> **Exercise description**
Below is a listing from which only part is wanted; return exactly the lines from the one with "9 MONTH / 9M" up to and including the one with "Vintage Freddi Gail".

· · · ·

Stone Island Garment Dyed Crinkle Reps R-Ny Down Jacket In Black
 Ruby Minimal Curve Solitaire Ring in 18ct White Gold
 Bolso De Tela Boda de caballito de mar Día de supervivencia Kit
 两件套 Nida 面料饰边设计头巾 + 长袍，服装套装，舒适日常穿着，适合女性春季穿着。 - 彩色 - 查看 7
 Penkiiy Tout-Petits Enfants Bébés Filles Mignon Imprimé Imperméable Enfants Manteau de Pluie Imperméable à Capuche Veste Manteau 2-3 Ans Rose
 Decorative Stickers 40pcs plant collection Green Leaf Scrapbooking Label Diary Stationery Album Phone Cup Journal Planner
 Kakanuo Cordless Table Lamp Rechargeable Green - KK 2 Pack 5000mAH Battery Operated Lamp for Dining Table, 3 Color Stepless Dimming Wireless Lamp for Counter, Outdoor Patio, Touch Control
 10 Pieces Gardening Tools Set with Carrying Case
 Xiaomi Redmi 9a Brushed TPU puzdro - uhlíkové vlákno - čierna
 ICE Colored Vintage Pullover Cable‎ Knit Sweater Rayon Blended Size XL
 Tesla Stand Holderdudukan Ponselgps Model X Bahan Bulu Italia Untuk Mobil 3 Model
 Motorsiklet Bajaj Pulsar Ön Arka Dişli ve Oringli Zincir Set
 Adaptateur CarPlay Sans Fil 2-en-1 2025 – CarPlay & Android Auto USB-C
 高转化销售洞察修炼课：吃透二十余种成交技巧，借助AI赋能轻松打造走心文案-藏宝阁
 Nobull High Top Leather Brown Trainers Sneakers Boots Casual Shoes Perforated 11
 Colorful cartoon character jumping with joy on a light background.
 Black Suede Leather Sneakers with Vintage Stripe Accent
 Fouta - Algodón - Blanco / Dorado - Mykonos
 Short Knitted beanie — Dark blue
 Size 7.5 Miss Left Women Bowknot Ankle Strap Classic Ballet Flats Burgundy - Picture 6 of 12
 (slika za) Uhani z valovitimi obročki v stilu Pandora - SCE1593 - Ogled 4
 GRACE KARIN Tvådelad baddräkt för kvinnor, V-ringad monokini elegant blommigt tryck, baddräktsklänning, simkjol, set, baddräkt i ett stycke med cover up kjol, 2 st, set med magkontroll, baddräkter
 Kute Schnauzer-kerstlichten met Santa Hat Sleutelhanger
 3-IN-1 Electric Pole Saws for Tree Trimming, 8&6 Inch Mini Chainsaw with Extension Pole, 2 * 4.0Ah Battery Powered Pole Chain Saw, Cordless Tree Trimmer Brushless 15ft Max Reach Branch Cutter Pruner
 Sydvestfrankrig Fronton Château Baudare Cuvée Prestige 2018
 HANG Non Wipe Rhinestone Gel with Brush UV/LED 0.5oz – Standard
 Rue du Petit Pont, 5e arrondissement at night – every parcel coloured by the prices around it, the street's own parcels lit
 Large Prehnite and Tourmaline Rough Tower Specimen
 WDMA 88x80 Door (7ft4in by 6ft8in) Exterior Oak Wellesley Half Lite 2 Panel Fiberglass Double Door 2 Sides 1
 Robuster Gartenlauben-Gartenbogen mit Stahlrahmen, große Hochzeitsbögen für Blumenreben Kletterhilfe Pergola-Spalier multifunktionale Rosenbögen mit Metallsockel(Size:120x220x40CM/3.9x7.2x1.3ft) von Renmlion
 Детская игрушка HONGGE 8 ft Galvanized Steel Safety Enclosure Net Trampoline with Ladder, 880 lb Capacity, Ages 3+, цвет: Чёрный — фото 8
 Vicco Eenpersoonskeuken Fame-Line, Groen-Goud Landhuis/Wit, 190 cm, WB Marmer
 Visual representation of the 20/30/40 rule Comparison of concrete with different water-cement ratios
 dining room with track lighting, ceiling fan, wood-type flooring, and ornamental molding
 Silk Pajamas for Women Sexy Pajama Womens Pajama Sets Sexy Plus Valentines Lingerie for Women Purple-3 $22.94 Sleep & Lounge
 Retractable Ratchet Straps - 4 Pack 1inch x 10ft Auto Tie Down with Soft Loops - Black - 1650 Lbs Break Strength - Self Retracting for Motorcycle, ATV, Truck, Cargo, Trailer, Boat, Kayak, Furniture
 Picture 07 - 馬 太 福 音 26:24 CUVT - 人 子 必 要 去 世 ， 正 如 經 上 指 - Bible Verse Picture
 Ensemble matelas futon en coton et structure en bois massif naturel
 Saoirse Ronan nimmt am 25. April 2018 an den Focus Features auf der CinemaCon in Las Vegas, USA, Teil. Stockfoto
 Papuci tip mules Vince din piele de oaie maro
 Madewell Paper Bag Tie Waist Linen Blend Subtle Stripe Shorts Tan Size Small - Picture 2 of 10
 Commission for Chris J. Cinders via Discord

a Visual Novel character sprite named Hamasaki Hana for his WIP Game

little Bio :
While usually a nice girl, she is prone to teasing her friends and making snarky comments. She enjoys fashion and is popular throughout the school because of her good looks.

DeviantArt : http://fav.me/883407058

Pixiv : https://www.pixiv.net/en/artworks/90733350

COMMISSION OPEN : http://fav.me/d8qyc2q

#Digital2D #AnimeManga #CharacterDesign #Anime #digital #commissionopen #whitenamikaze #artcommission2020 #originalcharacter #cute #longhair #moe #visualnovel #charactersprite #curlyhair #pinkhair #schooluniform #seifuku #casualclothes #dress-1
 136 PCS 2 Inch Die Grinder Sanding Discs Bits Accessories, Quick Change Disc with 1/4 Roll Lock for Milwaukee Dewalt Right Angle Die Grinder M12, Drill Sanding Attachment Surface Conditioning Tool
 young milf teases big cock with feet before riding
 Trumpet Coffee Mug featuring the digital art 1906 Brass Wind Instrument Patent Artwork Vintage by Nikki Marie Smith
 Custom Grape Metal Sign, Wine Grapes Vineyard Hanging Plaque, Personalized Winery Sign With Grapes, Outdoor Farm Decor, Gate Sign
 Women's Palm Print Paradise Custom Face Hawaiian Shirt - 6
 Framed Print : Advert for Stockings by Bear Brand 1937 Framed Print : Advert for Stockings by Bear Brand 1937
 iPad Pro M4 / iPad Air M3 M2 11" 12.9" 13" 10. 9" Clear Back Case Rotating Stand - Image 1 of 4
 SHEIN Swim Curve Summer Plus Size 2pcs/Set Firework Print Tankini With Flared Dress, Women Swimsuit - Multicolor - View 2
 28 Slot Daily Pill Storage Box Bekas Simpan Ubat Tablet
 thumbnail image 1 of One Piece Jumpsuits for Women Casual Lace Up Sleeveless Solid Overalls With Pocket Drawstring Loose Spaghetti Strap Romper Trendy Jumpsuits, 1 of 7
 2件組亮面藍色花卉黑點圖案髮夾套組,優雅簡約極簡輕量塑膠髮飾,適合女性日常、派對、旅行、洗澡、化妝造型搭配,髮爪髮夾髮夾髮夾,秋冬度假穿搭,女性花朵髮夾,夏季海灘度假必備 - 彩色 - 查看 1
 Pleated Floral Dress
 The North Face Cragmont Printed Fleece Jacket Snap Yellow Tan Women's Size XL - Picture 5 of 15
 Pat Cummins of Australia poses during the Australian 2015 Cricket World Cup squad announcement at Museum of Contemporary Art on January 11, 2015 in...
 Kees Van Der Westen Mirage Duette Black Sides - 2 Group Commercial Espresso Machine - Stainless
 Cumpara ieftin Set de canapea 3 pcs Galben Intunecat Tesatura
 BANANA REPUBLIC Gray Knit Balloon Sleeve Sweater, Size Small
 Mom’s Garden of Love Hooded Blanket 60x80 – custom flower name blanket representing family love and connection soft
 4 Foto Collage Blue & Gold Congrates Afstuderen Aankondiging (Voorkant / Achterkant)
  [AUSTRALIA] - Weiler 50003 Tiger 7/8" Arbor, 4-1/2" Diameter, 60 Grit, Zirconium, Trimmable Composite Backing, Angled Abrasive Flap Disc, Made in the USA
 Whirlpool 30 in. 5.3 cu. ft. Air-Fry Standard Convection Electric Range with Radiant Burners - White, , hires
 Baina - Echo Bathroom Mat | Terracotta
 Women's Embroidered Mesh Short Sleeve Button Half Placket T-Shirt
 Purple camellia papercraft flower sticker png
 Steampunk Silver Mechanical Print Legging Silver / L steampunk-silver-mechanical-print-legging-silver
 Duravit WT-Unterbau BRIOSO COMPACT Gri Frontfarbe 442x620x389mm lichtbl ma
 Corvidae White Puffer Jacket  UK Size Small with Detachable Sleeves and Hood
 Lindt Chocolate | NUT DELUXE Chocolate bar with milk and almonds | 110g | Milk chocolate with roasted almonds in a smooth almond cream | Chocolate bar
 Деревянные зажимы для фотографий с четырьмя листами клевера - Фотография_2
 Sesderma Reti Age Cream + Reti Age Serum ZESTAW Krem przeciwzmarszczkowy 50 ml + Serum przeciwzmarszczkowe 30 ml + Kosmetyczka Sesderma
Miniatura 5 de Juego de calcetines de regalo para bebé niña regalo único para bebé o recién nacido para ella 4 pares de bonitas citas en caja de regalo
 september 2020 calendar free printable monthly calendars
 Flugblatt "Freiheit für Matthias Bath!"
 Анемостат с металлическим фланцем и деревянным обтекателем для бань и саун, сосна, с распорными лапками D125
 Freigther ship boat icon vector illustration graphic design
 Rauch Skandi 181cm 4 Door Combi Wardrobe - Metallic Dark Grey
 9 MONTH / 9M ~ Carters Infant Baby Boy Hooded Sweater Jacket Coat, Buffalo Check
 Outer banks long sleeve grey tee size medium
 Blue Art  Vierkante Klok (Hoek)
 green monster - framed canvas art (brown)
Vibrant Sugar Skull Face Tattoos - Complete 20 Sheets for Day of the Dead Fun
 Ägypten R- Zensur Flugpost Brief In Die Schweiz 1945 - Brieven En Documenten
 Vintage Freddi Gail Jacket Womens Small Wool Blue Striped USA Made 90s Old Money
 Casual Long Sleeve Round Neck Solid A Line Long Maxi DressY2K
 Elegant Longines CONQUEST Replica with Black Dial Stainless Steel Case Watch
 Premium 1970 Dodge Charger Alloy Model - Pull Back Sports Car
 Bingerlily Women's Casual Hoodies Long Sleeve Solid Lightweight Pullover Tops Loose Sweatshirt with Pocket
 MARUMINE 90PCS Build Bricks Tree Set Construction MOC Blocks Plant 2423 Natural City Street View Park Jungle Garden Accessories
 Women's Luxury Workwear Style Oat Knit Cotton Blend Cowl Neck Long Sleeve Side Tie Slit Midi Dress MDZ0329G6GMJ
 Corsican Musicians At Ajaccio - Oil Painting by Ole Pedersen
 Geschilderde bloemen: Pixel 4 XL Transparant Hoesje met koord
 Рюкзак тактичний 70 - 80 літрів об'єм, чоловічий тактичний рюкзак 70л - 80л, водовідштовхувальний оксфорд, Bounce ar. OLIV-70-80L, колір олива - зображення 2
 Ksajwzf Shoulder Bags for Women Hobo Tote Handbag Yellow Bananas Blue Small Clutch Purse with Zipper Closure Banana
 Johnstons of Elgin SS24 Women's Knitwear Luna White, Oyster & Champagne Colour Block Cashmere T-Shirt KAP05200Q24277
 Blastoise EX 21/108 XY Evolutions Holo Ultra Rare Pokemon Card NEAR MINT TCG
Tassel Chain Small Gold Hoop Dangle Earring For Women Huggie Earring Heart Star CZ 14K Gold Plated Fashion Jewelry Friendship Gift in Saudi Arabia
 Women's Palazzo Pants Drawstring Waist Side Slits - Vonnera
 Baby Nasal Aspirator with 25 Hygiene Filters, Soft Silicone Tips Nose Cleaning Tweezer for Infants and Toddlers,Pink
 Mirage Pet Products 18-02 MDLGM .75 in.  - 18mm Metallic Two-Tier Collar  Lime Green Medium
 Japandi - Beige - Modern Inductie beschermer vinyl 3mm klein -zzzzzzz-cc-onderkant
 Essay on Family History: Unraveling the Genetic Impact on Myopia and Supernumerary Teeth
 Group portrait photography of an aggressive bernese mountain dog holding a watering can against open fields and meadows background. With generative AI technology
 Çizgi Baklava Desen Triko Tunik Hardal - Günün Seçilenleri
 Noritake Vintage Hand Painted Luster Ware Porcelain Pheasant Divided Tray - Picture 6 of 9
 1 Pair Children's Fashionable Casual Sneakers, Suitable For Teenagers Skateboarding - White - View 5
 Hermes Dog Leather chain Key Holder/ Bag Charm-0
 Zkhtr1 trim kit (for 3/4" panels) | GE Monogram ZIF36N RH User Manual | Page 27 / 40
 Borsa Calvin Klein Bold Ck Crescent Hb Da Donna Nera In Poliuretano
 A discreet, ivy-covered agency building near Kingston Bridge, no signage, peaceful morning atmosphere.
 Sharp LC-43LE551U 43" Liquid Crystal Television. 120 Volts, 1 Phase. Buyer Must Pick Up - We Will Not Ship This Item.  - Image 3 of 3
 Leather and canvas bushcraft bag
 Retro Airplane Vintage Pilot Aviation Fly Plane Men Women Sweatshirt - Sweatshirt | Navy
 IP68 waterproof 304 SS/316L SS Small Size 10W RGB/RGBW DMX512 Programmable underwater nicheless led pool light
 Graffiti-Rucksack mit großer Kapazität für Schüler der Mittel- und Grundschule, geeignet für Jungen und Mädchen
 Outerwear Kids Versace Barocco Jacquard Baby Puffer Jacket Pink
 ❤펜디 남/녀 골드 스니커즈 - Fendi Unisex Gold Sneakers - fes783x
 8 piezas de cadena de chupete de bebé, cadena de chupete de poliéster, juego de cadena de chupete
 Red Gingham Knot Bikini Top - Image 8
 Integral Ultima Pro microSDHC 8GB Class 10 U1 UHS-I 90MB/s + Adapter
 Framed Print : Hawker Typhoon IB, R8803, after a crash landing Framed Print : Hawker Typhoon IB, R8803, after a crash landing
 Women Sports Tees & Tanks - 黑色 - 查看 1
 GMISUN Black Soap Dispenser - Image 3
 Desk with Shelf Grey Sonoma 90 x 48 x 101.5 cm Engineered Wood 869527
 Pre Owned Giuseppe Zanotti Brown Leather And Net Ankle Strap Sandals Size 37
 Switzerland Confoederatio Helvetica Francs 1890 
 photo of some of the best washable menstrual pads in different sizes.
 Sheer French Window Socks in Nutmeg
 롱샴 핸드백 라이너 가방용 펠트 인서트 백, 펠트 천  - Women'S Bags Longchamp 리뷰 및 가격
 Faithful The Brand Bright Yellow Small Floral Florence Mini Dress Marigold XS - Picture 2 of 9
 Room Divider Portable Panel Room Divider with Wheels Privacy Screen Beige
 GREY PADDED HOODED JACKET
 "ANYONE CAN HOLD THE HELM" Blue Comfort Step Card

· · · ·

> **Response to the task**
 9 MONTH / 9M ~ Carters Infant Baby Boy Hooded Sweater Jacket Coat, Buffalo Check
 Outer banks long sleeve grey tee size medium
 Blue Art  Vierkante Klok (Hoek)
 green monster - framed canvas art (brown)
Vibrant Sugar Skull Face Tattoos - Complete 20 Sheets for Day of the Dead Fun
 Ägypten R- Zensur Flugpost Brief In Die Schweiz 1945 - Brieven En Documenten
 Vintage Freddi Gail Jacket Womens Small Wool Blue Striped USA Made 90s Old Money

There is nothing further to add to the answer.